Informations de publication

Date de publication:
08 2020
Historique:
received: 30 01 2020
revised: 23 03 2020
accepted: 04 04 2020
pubmed: 10 4 2020
medline: 28 4 2021
entrez: 10 4 2020
Statut: ppublish

Résumé

Post-stroke depression (PSD) is a common and serious complication that is affecting one thirds of stroke patients which leaves them with a poor quality of life, high mortality rate, high recurrent rate, and slow recovery. Recent studies showed that serum interleukin-18 (IL-18) level is a biomarker for patients with PSD. However, the role of IL-18 in the pathology of PSD is still unclear. In this study, we demonstrated that the IL-18 level in the ischemic brain significantly increased in mice with depression-like behaviors that were caused by the combined use of chronic spatial restraint stress and middle cerebral artery occlusion. Interestingly, IL-18 expression was mainly found in neurons at early phase and in microglia at a later phase. Injection of the exogenous IL-18 into the amygdala, but not the hippocampus or the striatum caused severe depression-like behaviors. On the contrary, the blockage of endogenous IL-18 by IL-18 binding protein, a specific antagonist of IL-18, repressed depressive phenotypes in SIR mice. IL-18 KO mice exhibited the resistance to spatial restraint stress and cerebral ischemia injury. Finally, we found that IL-18 mediated depressive behaviors by the interaction of IL-18 receptor and NKCC1, a sodium-potassium chloride co-transporter that is related to GABAergic inhibition. Administration of NKCC1 antagonist bumetanide exerted a therapeutic effect on the in IL-18-induced depressive mice. In conclusion, we demonstrated that increased IL-18 in the brain causes depression-like behaviors by promoting the IL-18 receptor/NKCC1 signaling pathway. Targeting IL-18 and its downstream pathway is a promising strategy for the prevention and treatment of PSD.

Identifiants

pubmed: 32272223
pii: S0889-1591(20)30118-5
doi: 10.1016/j.bbi.2020.04.004
pii:
doi:

Substances chimiques

Interleukin-18 0

Types de publication

Journal Article Research Support, Non-U.S. Gov't

Langues

eng

Sous-ensembles de citation

IM

Pagination

411-420

Informations de copyright

Copyright © 2020 Elsevier Inc. All rights reserved.

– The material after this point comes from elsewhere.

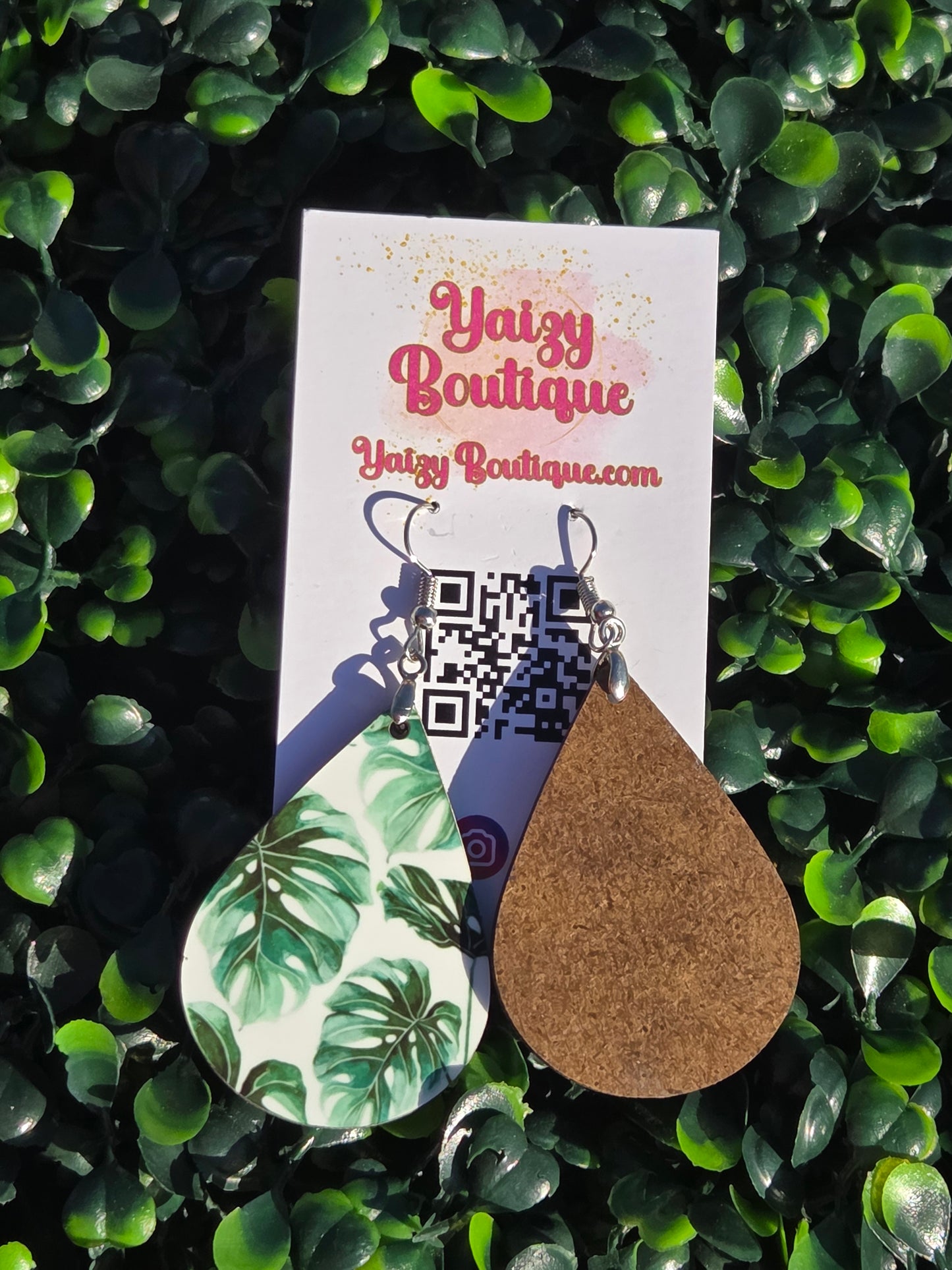 Handmade Tropical Monstera Leaf Teardrop Earrings - Lightweight Botanical Jewelry Yaizy Boutique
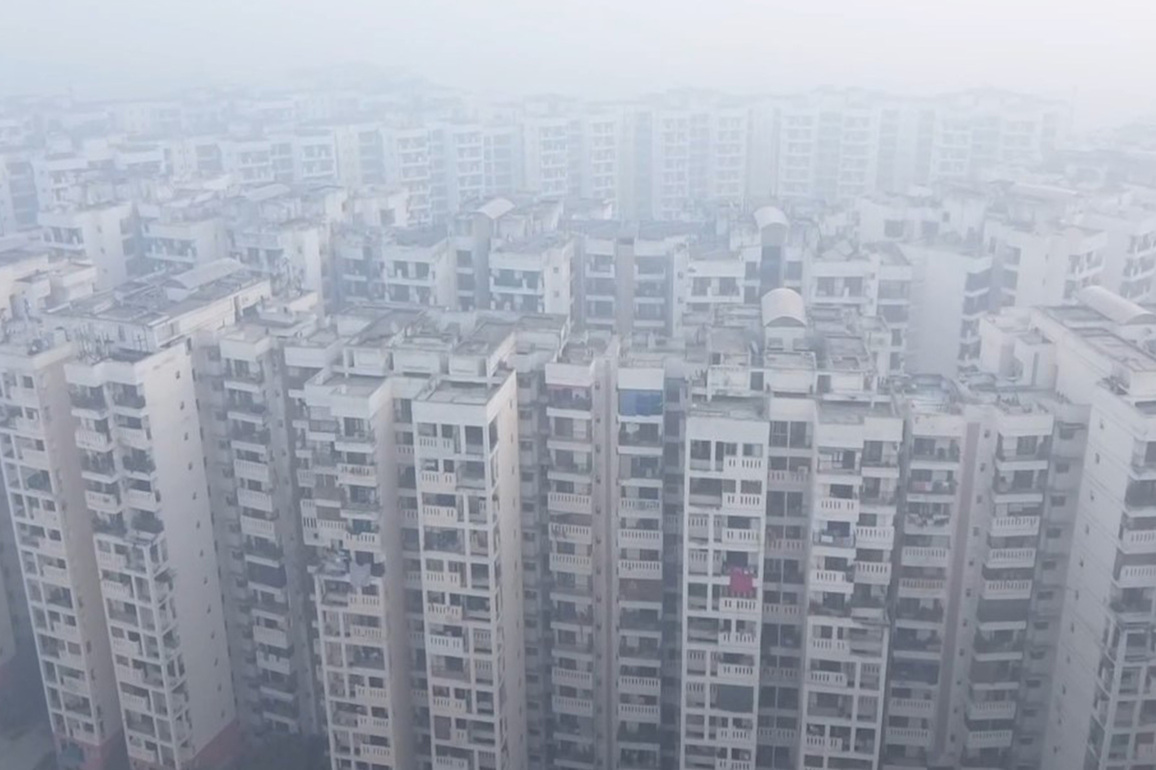 Delhi NCR's air quality persists to be 'very poor' at 368 AQI; GRAP 3 reimposed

Déclaration de conflit d'intérêts

Declaration of Competing Interest The authors declare that they have no known competing financial interests or personal relationships that could have appeared to influence the work reported in this paper.

Auteurs

Di Wu (D)

Department of Neurology, The First Affiliated Hospital of Soochow University, Suzhou 215006, China; Institute of Neuroscience, Soochow University, Suzhou 215123, China.

Gaocai Zhang (G)

Institute of Neuroscience, Soochow University, Suzhou 215123, China.

Chenyu Zhao (C)

Institute of Neuroscience, Soochow University, Suzhou 215123, China.

Yi Yang (Y)

Department of Neurology, The First Affiliated Hospital of Soochow University, Suzhou 215006, China.

Zhigang Miao (Z)

Institute of Neuroscience, Soochow University, Suzhou 215123, China.

Xingshun Xu (X)

Department of Neurology, The First Affiliated Hospital of Soochow University, Suzhou 215006, China; Institute of Neuroscience, Soochow University, Suzhou 215123, China; Jiangsu Key Laboratory of Neuropsychiatric Diseases, Soochow University, Suzhou, Jiangsu 215123, China. Electronic address: xingshunxu@suda.edu.cn.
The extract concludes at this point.